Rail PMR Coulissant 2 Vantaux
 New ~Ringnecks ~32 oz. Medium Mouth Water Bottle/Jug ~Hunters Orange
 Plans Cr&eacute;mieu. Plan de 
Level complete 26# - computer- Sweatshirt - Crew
⁂
_YOUR GOAL_
Starting at the line that contains "Plans Cr&eacute;mieu. Plan de", repeat each line exactly through the last one in the listing. Include both of those lines and nothing more.

_ANSWER FOR THIS EXERCISE_
 Plans Cr&eacute;mieu. Plan de 
Level complete 26# - computer- Sweatshirt - Crew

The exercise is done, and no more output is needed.